#### What is being asked:
Leave out the pictures, and reproduce exactly the lines from the line containing "Uncle Sam’s Casino" through the final line of the entries.

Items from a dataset
===============

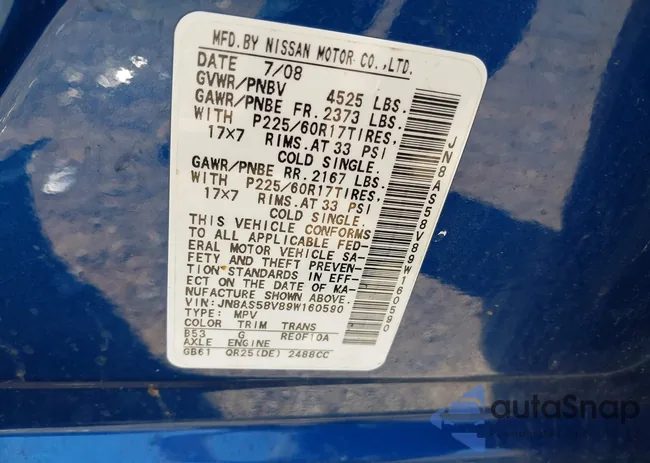 JN8AS58V89W160590: 43007038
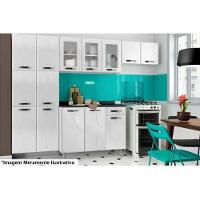 Cozinha Compacta Rubi C- 11 Portas ( 3 C- Vidro ) Preto - Telasul - 10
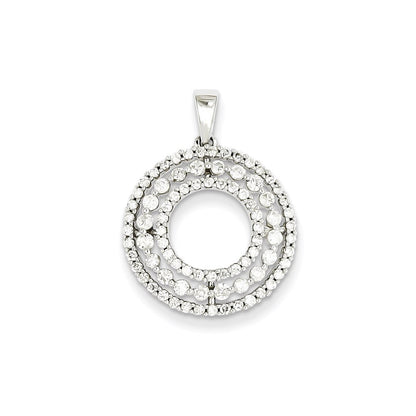 14k White Gold Real Diamond Pendant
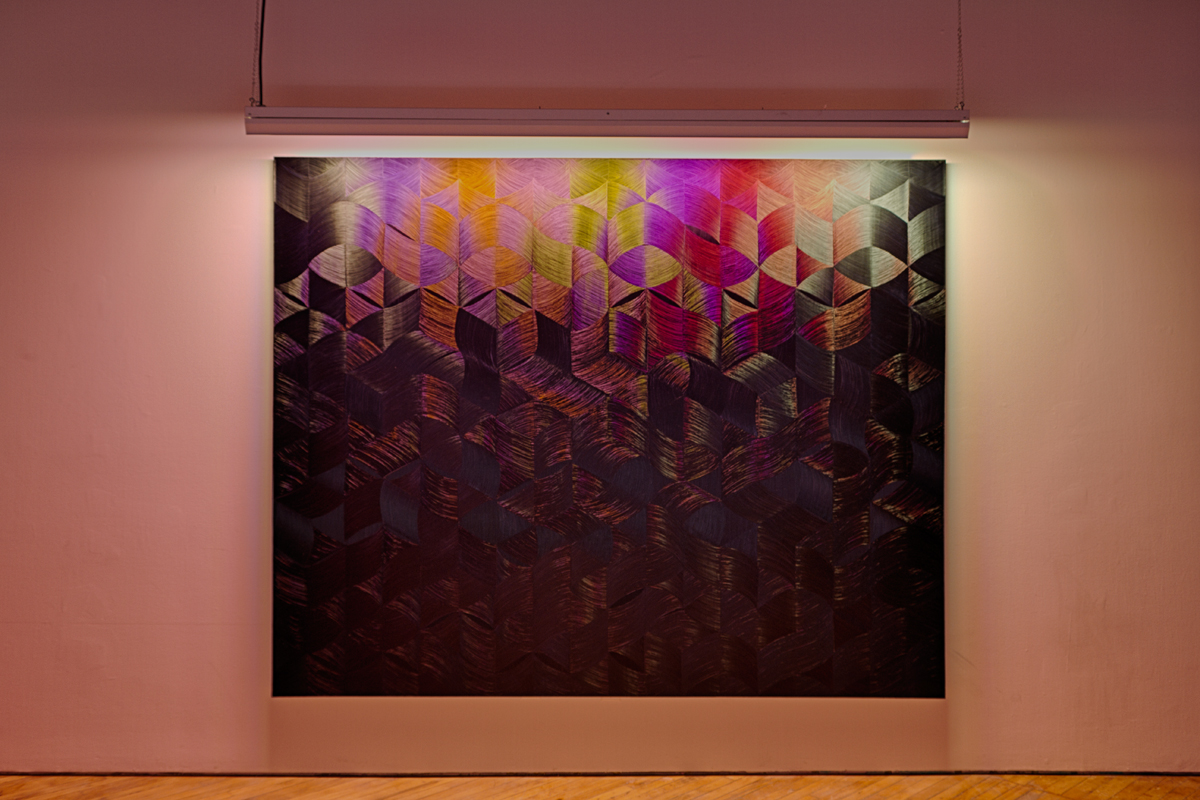 DANIEL HUTCHINSON, installation view, site-sensitive paintings with coloured fluorescent light components under the title Paintings for Electric Light.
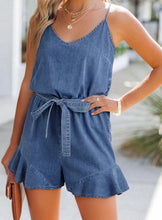 Load image into Gallery viewer, Belted Ruffled Leg Chambray Romper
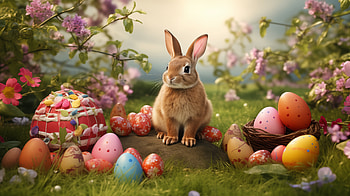 Easter Bunny with Colorful Eggs, Easter, bunny, easter bunny, rabbit, egg HD wallpaper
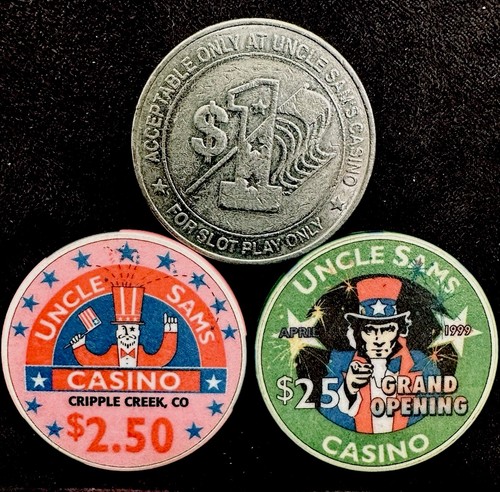 Uncle Sam’s Casino $2.50 & $25 “Grand Opening” Chips and $1 Slot Token, Colorado
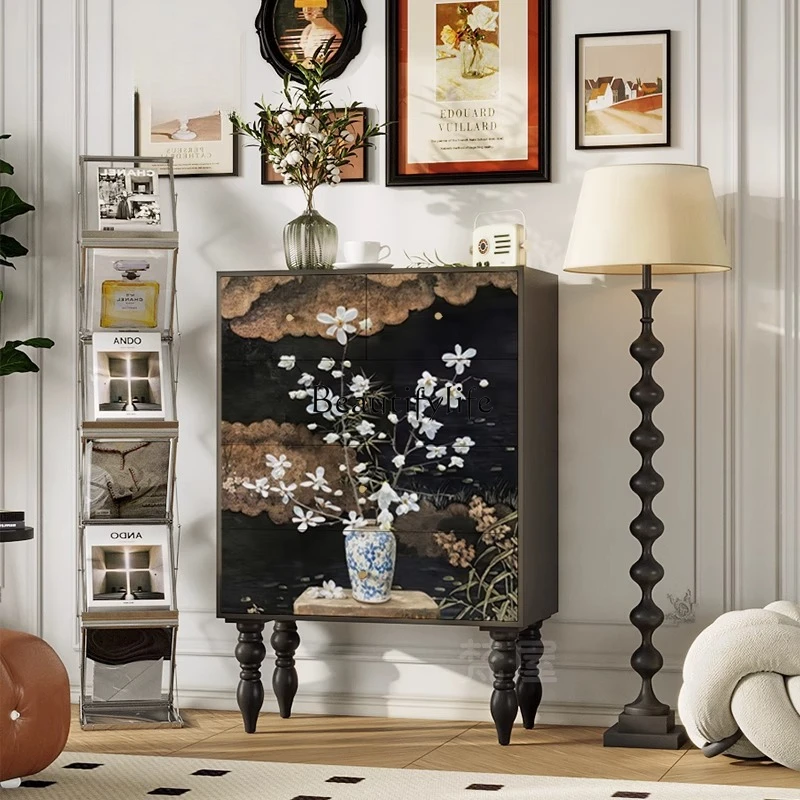 Medieval solid wood decorative cabinet living room large capacity bedroom bedside locker
Medieval solid wood decorative cabinet living room large capacity bedroom bedside locker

===============

#### Response to the exercise:
 Uncle Sam’s Casino $2.50 & $25 “Grand Opening” Chips and $1 Slot Token, Colorado
 Medieval solid wood decorative cabinet living room large capacity bedroom bedside locker
Medieval solid wood decorative cabinet living room large capacity bedroom bedside locker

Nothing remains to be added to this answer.